FBI gaffe makes McVeigh case ideal for death penalty opponents
TERRE HAUTE, Ind. (AP) – Because of the crime he committed, Timothy McVeigh has been a difficult figure for death penalty opponents to rally around.
But the revelation of an FBI oversight in his trial has transformed McVeigh’s case into what abolitionists call a perfect example of America’s flawed death penalty system.
”If with the scrutiny they had in this case, they can have a bungle, then what’s happening in the cases that nobody’s watching?” said Abe Bonowitz, director of the national group Citizens United for Alternatives to the Death Penalty.
”That’s something that everybody should be worried about.”
Bonowitz and other activists gathered Sunday in Terre Haute for anti-death penalty activities originally scheduled to precede McVeigh’s execution, which was delayed from Wednesday to June 11.
About 50 people filled folding metal chairs at a Unitarian church to hear a morning sermon about abolishing the death penalty, then about 30 others took to the Vigo County Courthouse to protest executions.
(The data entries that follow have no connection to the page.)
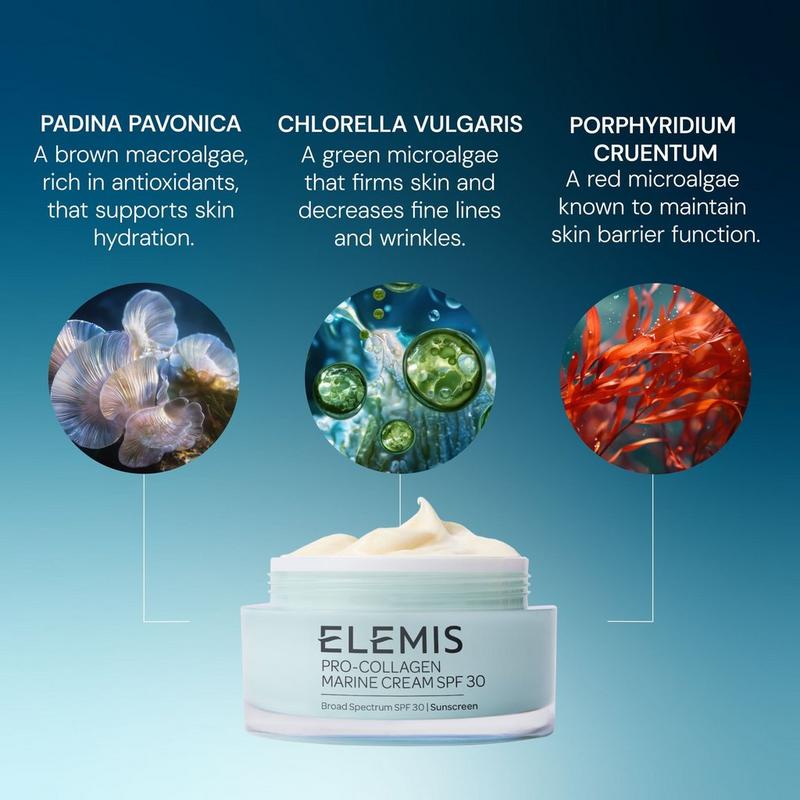 Elemis Pro-Collagen Marine Cream SPF 30 1.6oz / 50ml Anti-Aging Moisturizer New
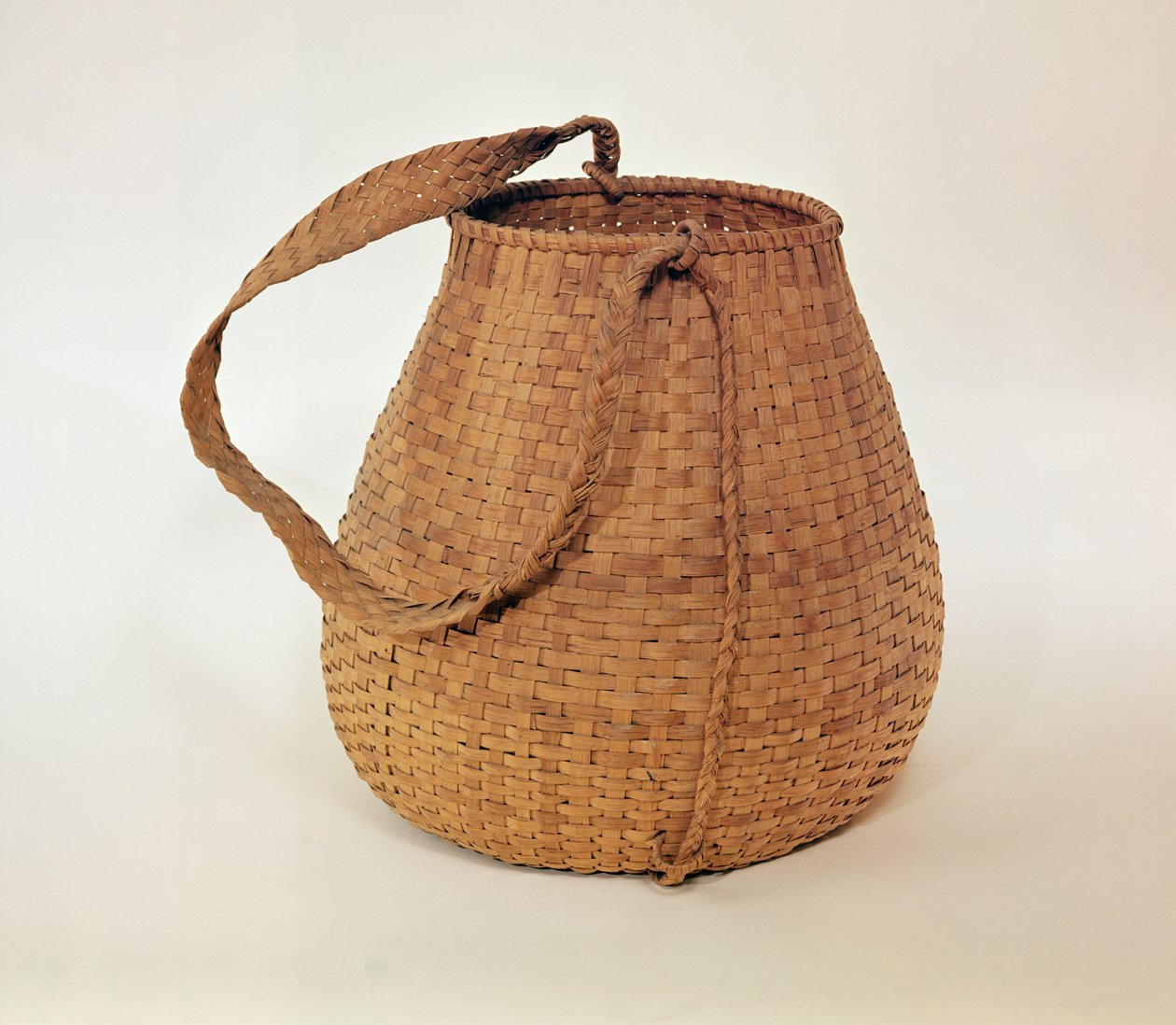 Mashpee carrying basket, from Massachusetts by American School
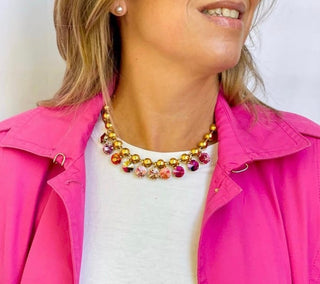 Anya Necklace Pink Mix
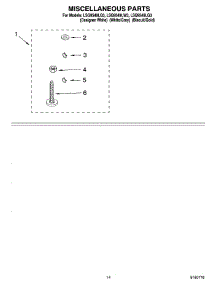 10 - Miscellaneous Parts - Optional Parts (Not Included) parts for Whirlpool Washer LSQ9549LG3 from AppliancePartsPros.com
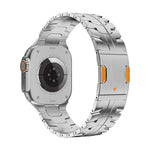 สายรัดนาฬิกาโลหะไทเทเนียมแม่เหล็ก Iron Man สำหรับ Apple Watch 46mm / 49mm / 45mm / 44mm
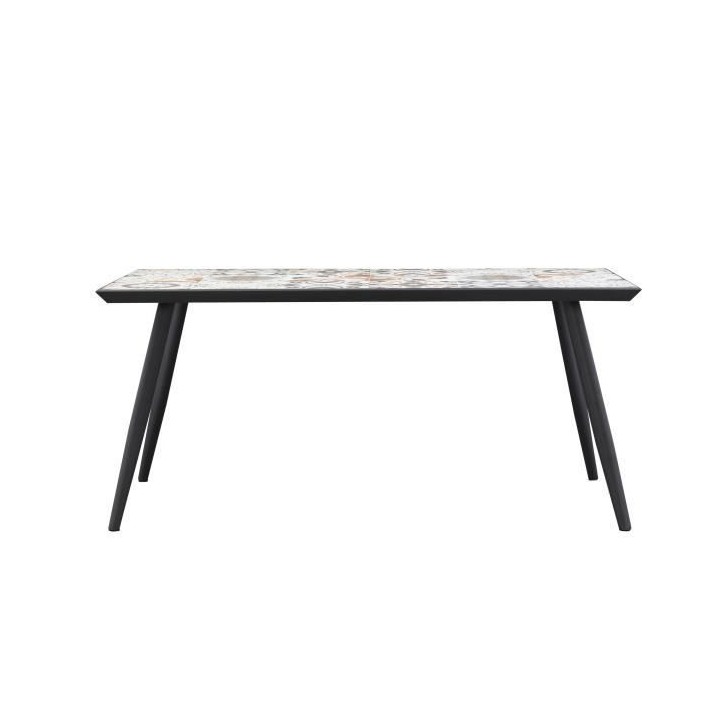 Table a manger de jardin -Style zellige -162 cm - Acier thermolaqué +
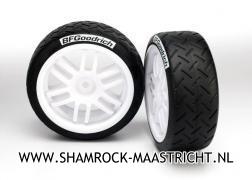 Traxxas Tires and wheels, assembled, glued (Rally wheels, BFGoodrich Rally tires) (2) - TRX7372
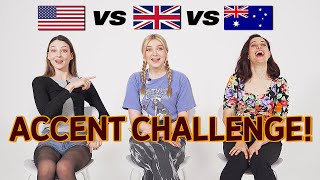 ONE language THREE accents  UK vs USA vs AUS English [upl. by Milak]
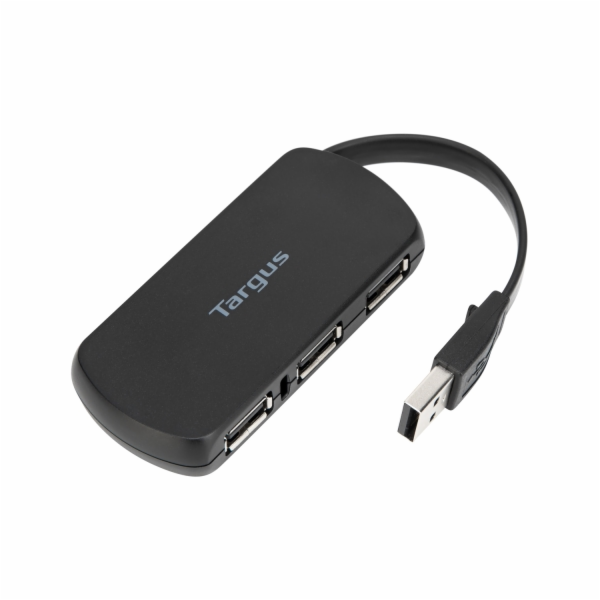 Targus 4 Port USB 2.0 Hub Black 5051794004489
Their numbers were far fewer than the crowds of demonstrators that had been expected to descend on this far western Indiana city for what would have been the first federal execution since 1963. Still, abolitionists believe the delay will help them get their message across and keep the issue in the public’s mind for at least another month.
”Suddenly we are hearing about the system itself, and how it works or doesn’t work,” said Suzanne Carter, head of the Terre Haute Abolition Network. ”I want people to really think about it, to start saying, ‘Why do we do this?’ and ‘Is it any good?”’
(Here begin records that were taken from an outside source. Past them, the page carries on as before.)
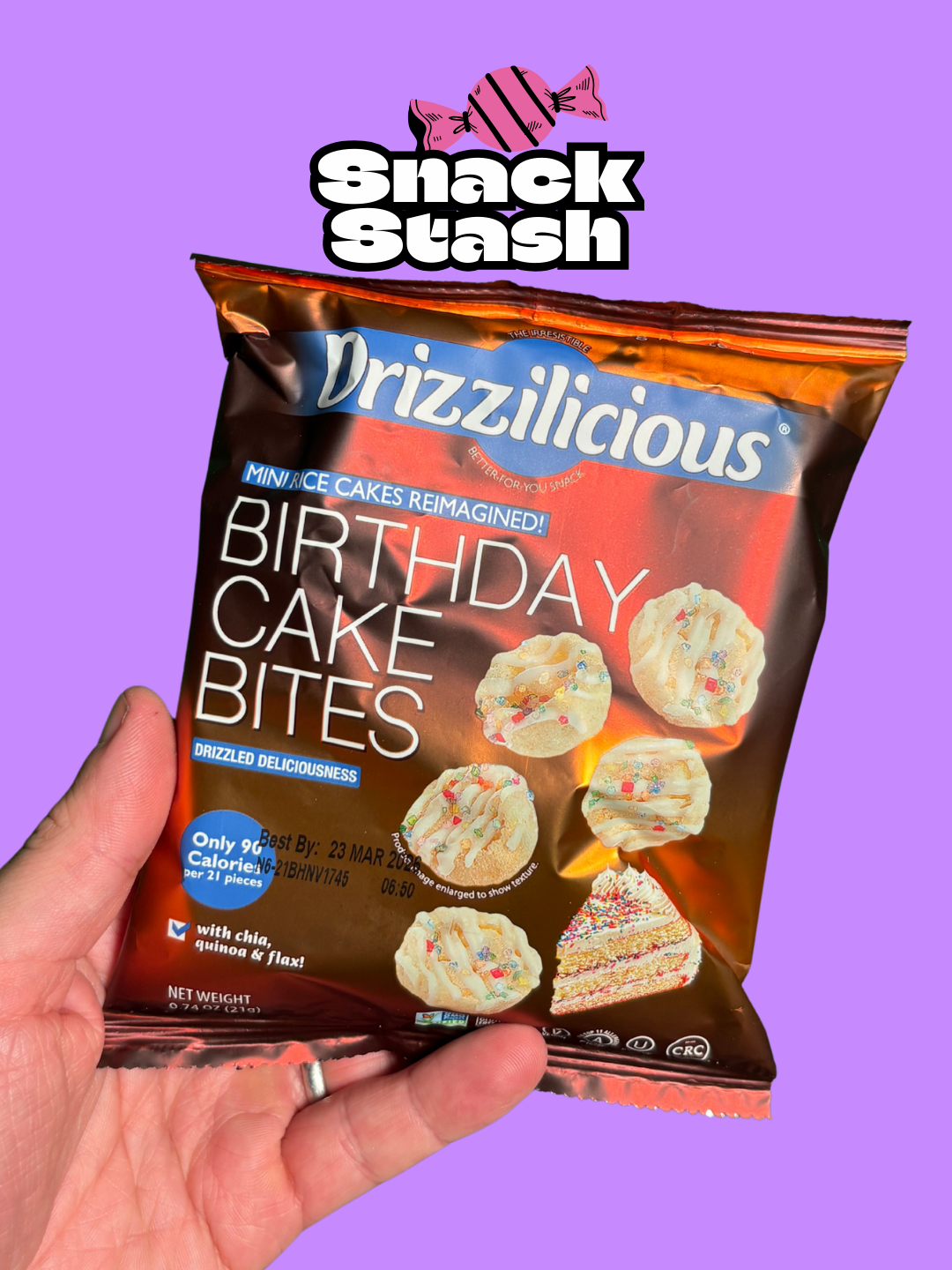Drizzilicious Birthday Cake Bites 21g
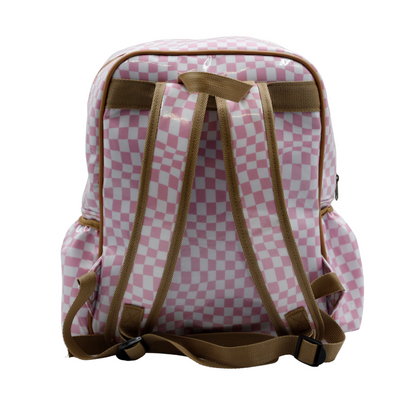 Satchel Warped Check Pink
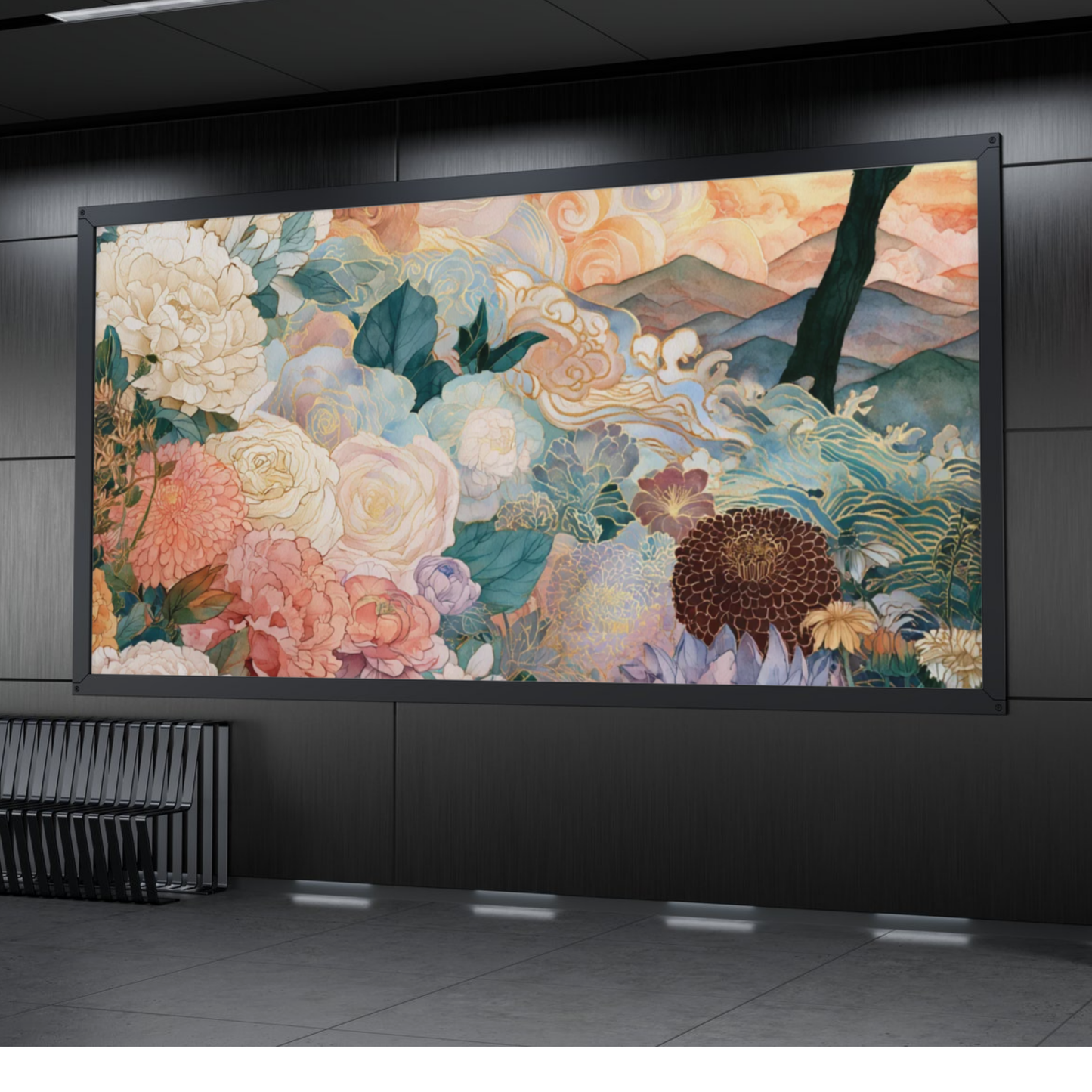 Floral Dreamscape Rolled Poster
Until now, most of the public’s focus was on McVeigh and the crime he committed, killing 168 people in the 1995 bombing of the Alfred P. Murrah Federal Building in Oklahoma City. The heinous nature of his crime made it hard even for some who oppose the death penalty to protest McVeigh’s scheduled execution by lethal injection.
”I’m sitting on the fence,” said Martha Cornelius, who attended Sunday morning’s Unitarian service. ”I’m not in favor of abolishing the death penalty until there’s a law that would guarantee life imprisonment without parole.”
But she also took the abolitionist sermon of Bill Breeden to heart. And that’s where Breeden and others believe the delay gives them a stronger chance to win people over.
”It’s a victory for us,” Breeden said of the delay. ”Obviously we were planning for a big day. Abolitionists were going to be coming out in droves. But we’d much rather not have an execution.”
Also helping the anti-death penalty movement is the timing of McVeigh’s rescheduled execution, eight days before federal death row inmate Juan Garza is scheduled to die in the same facility.
Garza, who is Hispanic, is one of 17 minorities out of 20 federal death row inmates, and represents abolitionists’ concerns that the death penalty is used more freely against non-whites.
Abolitionists believe that having two federal executions little more than a week apart, after not having any in nearly 40 years, is bound to lead the public to rethink the system and how it is handled.
George White, who was cleared of a murder conviction in Alabama when missing evidence was discovered seven years after his arrest, was with the Terre Haute protesters Sunday, putting himself up as living proof that no system is perfect.
”We made mistakes even in a horribly visible tragedy like the Oklahoma City bombing,” said White, who spent more than two years in prison before he was cleared. ”Regardless of where people are on the concept of the death penalty, this just further demonstrates where we are as a nation in the practice of it.”